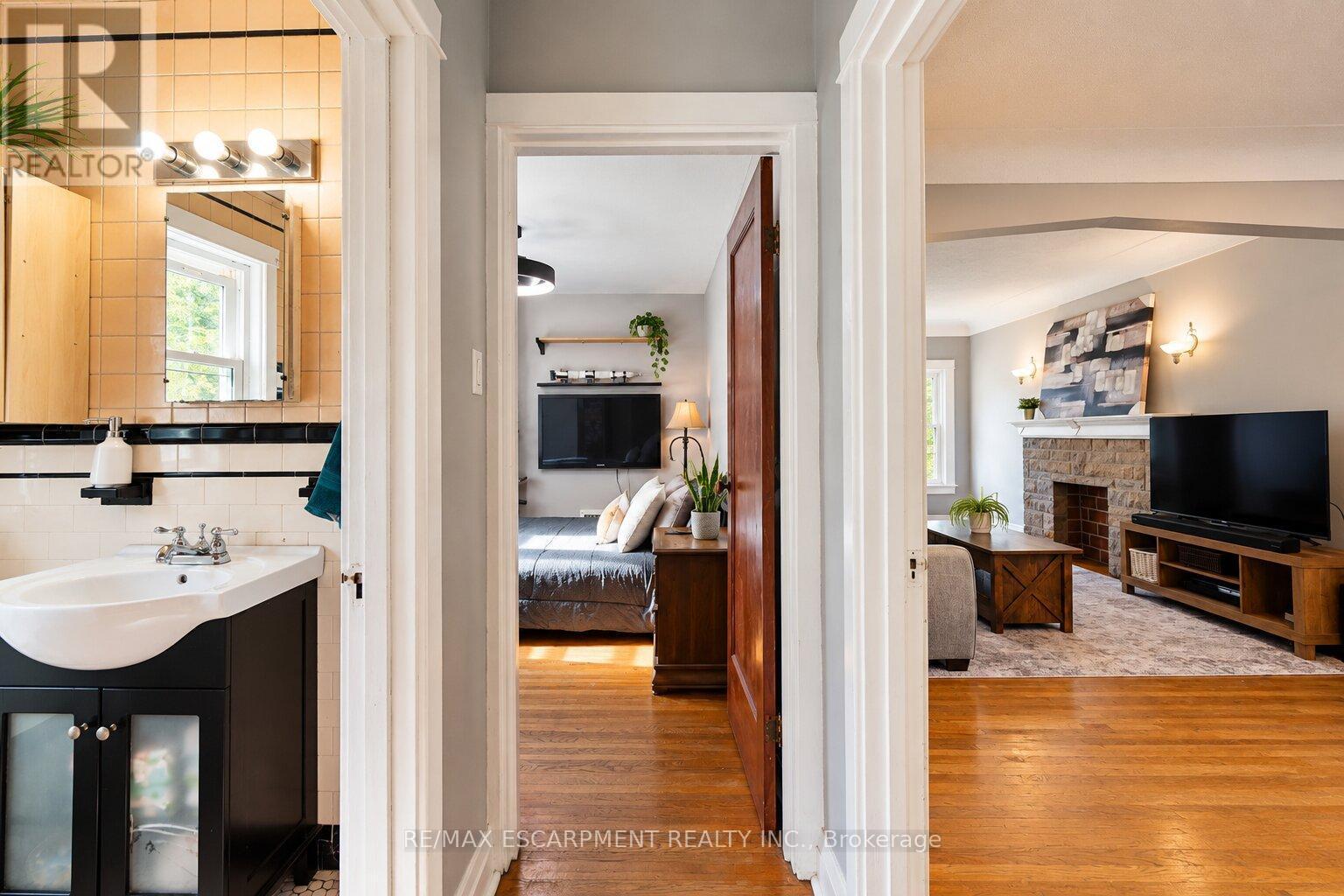 75 Barons Avenue — photo 19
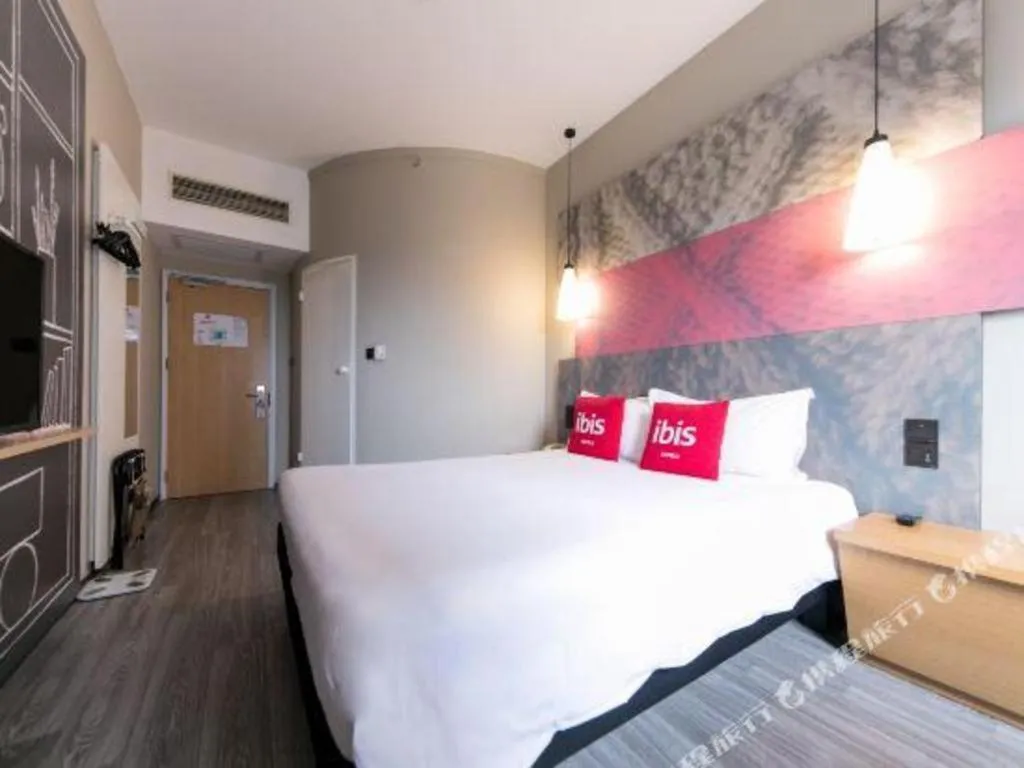 Bed in Ibis Shanghai Expo Dongming Road Metro Station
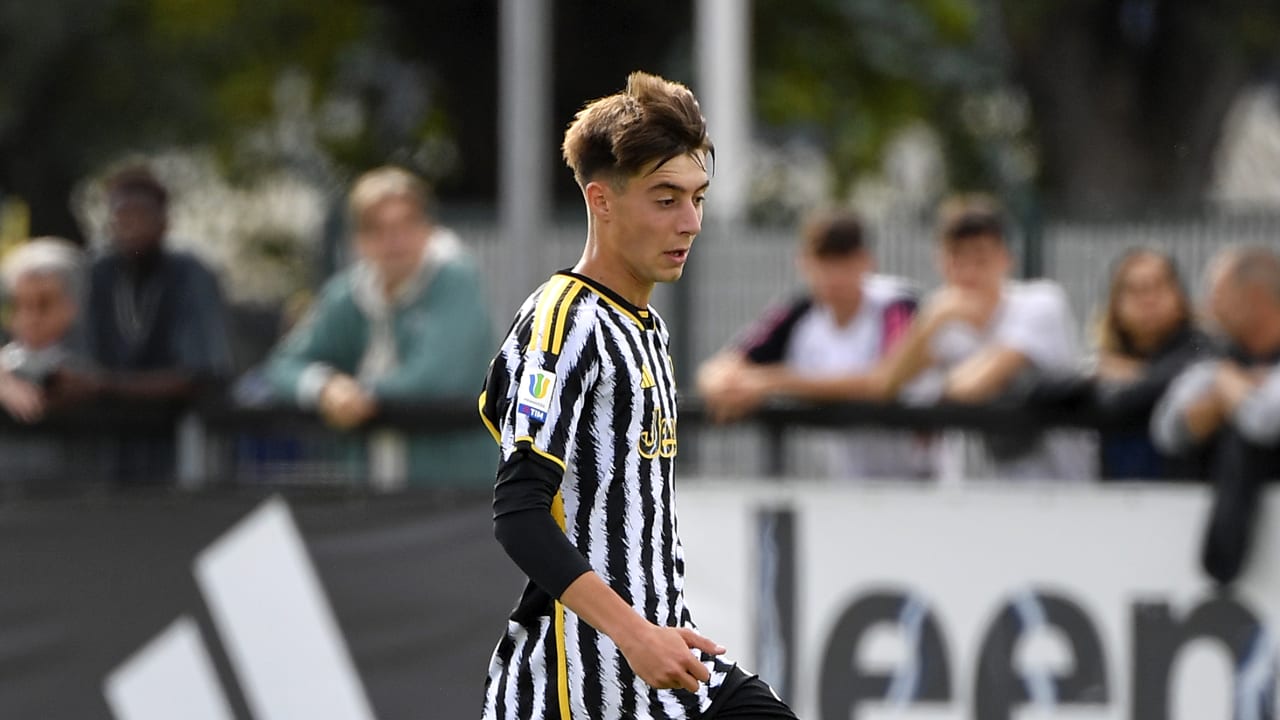 Andrei Florea in azione a Vinovo contro la Fiorentina Primavera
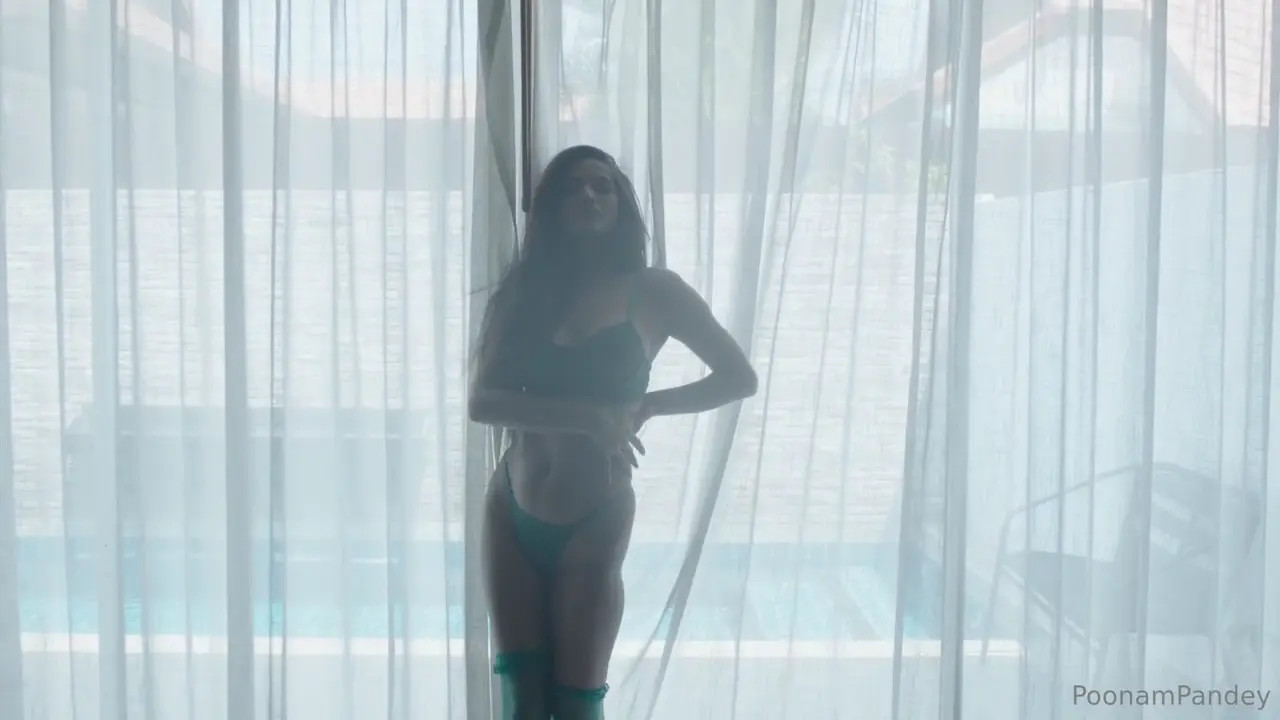 Poonam Pandey #8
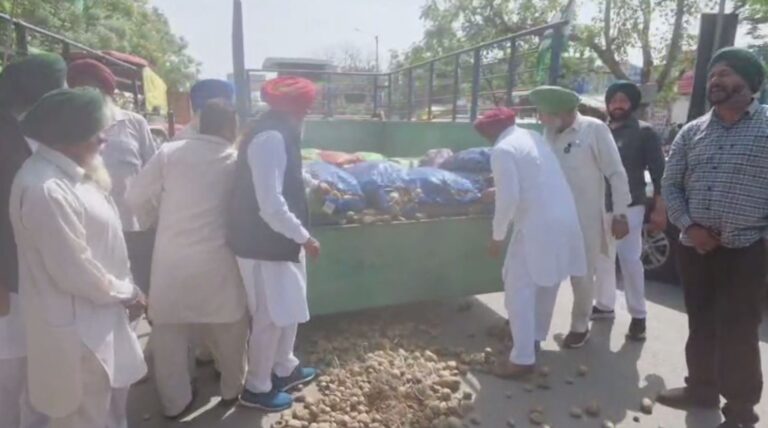ਸਮਰਾਲਾ ’ਚ ਆਲੂ ਉਤਪਾਦਕਾਂ ਦਾ ਪ੍ਰਦਰਸ਼ਨ/ ਆਲੂ ਸੜਕਾਂ ’ਤੇ ਸੁੱਟ ਕੇ ਕੀਤੀ ਨਾਅਰੇਬਾਜ਼ੀ/ ਸਰਕਾਰੀ ਖਰੀਦ ਯਕੀਨੀ ਬਣਾਉਣ ਦੀ ਮੰਗ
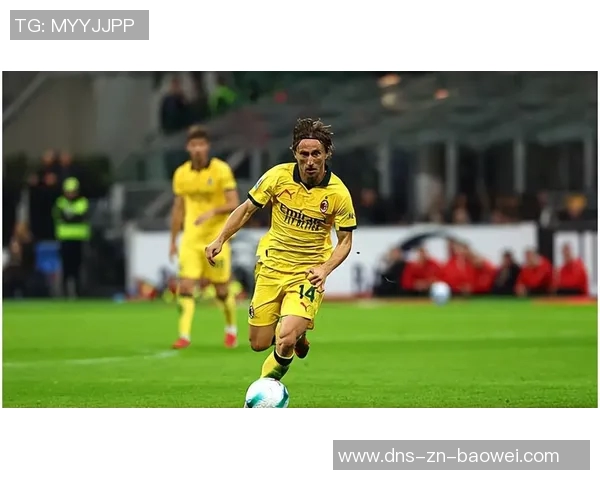 米兰欲续约40岁魔笛至2027年引发热议是否应继续依赖老将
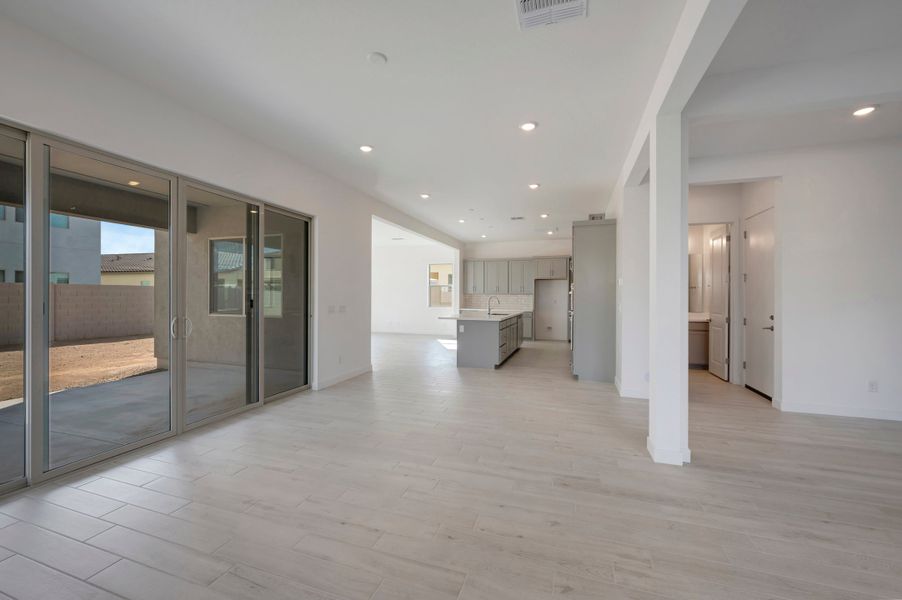 Spacious, unfurnished interior of a new home in Soleo, San Tan Valley (Image 28). Spacious, unfurnished interior of a new home in Soleo, San Tan Valley (Image 28).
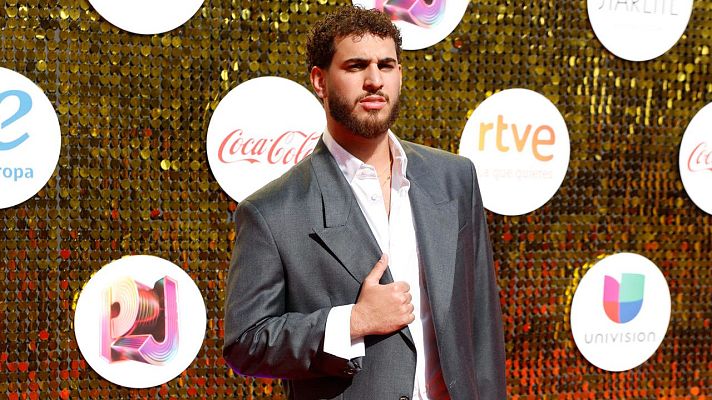 El cantante venezolano Alleh en la alfombra roja de los Premios Juventud en el espacio Starlite de Marbella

• • • • •

**Exercise brief**:
Each entry shown above must be quoted exactly, with its pictures left out.

**Exercise solution**:
 75 Barons Avenue — photo 19
 Bed in Ibis Shanghai Expo Dongming Road Metro Station
 Andrei Florea in azione a Vinovo contro la Fiorentina Primavera
 Poonam Pandey #8
ਸਮਰਾਲਾ ’ਚ ਆਲੂ ਉਤਪਾਦਕਾਂ ਦਾ ਪ੍ਰਦਰਸ਼ਨ/ ਆਲੂ ਸੜਕਾਂ ’ਤੇ ਸੁੱਟ ਕੇ ਕੀਤੀ ਨਾਅਰੇਬਾਜ਼ੀ/ ਸਰਕਾਰੀ ਖਰੀਦ ਯਕੀਨੀ ਬਣਾਉਣ ਦੀ ਮੰਗ
 米兰欲续约40岁魔笛至2027年引发热议是否应继续依赖老将
 Spacious, unfurnished interior of a new home in Soleo, San Tan Valley (Image 28). Spacious, unfurnished interior of a new home in Soleo, San Tan Valley (Image 28).
 El cantante venezolano Alleh en la alfombra roja de los Premios Juventud en el espacio Starlite de Marbella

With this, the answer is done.